The specific requirement for Orai3 subunits in the ARC channel for it to be sensitive to activation by low concentrations of arachidonic acid was certainly intriguing. Examination of the basis for this effect showed that it required the presence of two, but no more than two, Orai3 subunits within the pentamer, and that the switch to a specific arachidonic acid sensitivity for channel activation was dependent exclusively on the cytosolic N-terminal domain of Orai3 (Thompson et al. 2010). However, it is important to note that this does not necessarily imply that this region of Orai3 is where arachidonic acid itself is acting, as it is not yet known whether the ARC channels are activated directly by arachidonic acid, or whether such activation involves some arachidonic acid-dependent regulator. Moreover, as already pointed out, activation of the ARC channels by arachidonic acid differs from store-operated Orai channels in that it specifically requires the presence of STIM1 in the plasma membrane (Mignen et al. 2007). Thus activation of the channel may involve an action of arachidonic acid on this pool of STIM1, either alone or in a pre-assembled complex with the channel, or it may drive the formation of such a complex. In addition, the data suggest that the acquisition of selective activation by arachidonic acid is not simply achieved by the presence of two Orai3 subunits alone. Thus, as noted above, tetrameric constructs containing two such subunits display an approximately equal sensitivity to activation by arachidonic acid and by store depletion (Mignen et al. 2009). Consequently, it would seem that the number of Orai1 subunits (i.e. three in the heteropentamer that forms the functional ARC channel), or the formation of Orai subunits into a pentameric channel structure, is also playing some role in determining the selectivity for activation by arachidonic acid.

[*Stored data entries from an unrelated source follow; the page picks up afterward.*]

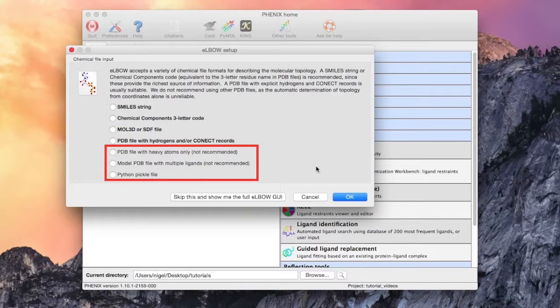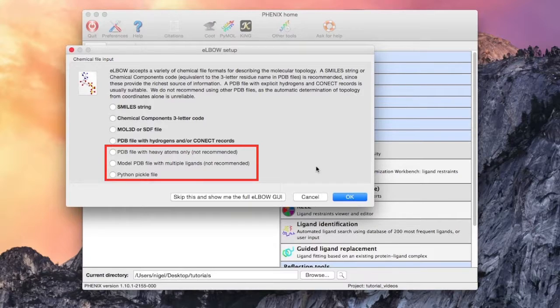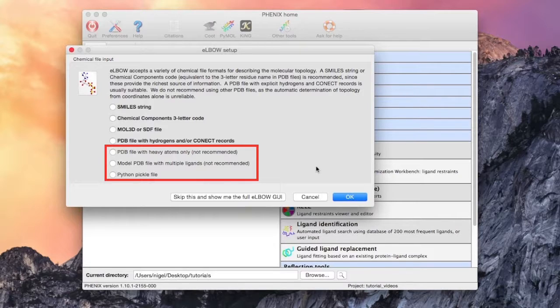The formats at the bottom are not recommended because heuristics are needed to determine the molecular topology and there is room for error. It is always better to know enough about your ligand to use one of the preferred input rather than using the PDB input without connect records or hydrogens.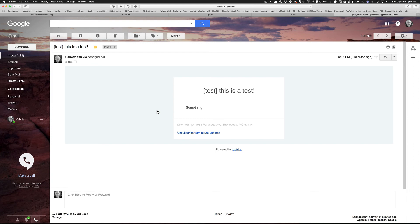All right, this is Planet Mitch. If you want to know more about how we're doing awesome giveaways and contests, go over to giveawayrocket.com/join and sign up for our free membership.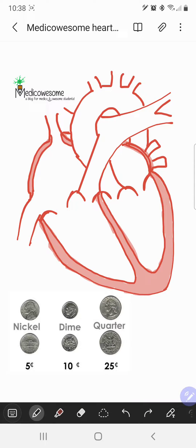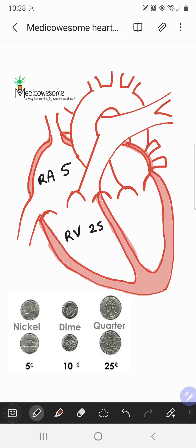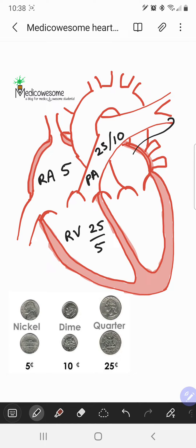In this video I'll be sharing a mnemonic to remember the normal cardiac pressures. This mnemonic was shared by Dr. Gouman — the mnemonic is 'Nickels, Dimes, and Quarters.' The first pressure to remember is the RA pressure, which is a nickel. The RV pressure is a quarter or a nickel. The PA pressure is a quarter over a dime, and the wedge pressure — which is reflective of the LA pressure — is about a dime.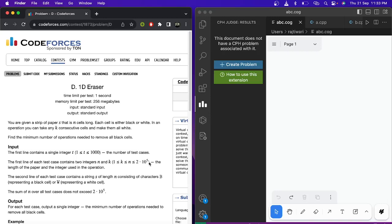Hello everyone, welcome to the channel of Developers and Coders Club and IT Agarthala. Here we will be discussing problem number D, Eraser, of Codeforces Round 890 Division 4.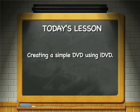Today we are going to learn how to make a simple DVD using iDVD.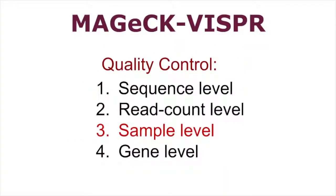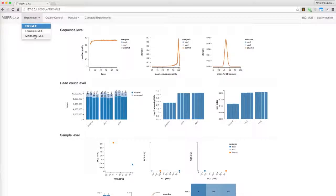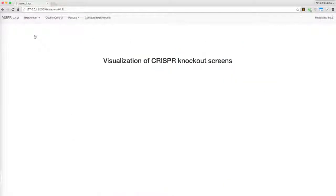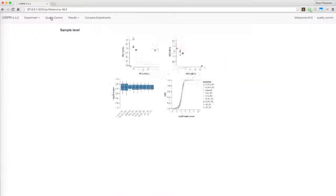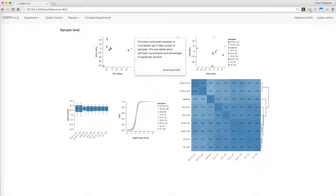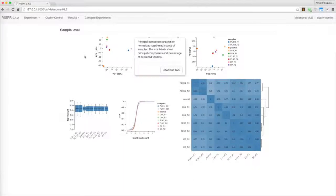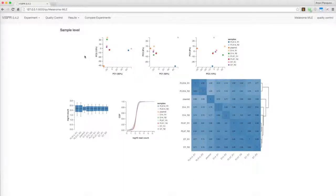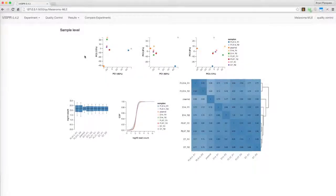Sample level quality control checks the consistency between samples. For this, we'll switch to the melanoma dataset which provides a better example. Here, Vispr draws the samples on the first three components of a principal component analysis. You can see that the replicates are clustered together, indicating consistent results.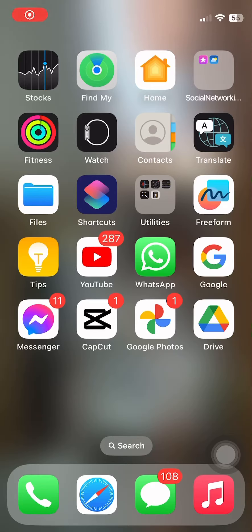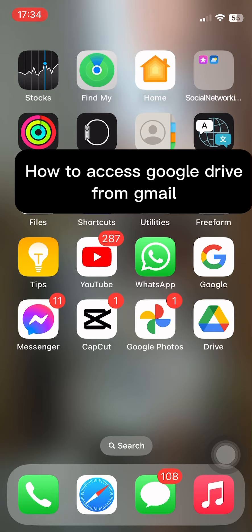Hello everyone, welcome back to a tutorial video. In this tutorial video, I'm going to guide you how to access Google Drive from Gmail.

Functional roles (Table 1)

Table 1.

Orai3-dependent physiological actions (see text for details)

Physiological activity Cell type Channel involved
Store-operated Ca2+ entry Breast cancer cells Orai3 channels?
Store-operated Ca2+ entry (specifically under highly oxidizing conditions) Effector T-helper cells Orai3 channels? or Orai3/Orail channels?
Cell proliferation Breast cancer cells Orai3 channels?
Agonist-induced Ca2+ oscillations HEK293 cells ARC channels
Parotid and pancreatic acinar cells (Oral + Orai3)
Agonist-induced and glucose-induced insulin secretion Pancreatic β cells ARC channels (Orail +Orai3)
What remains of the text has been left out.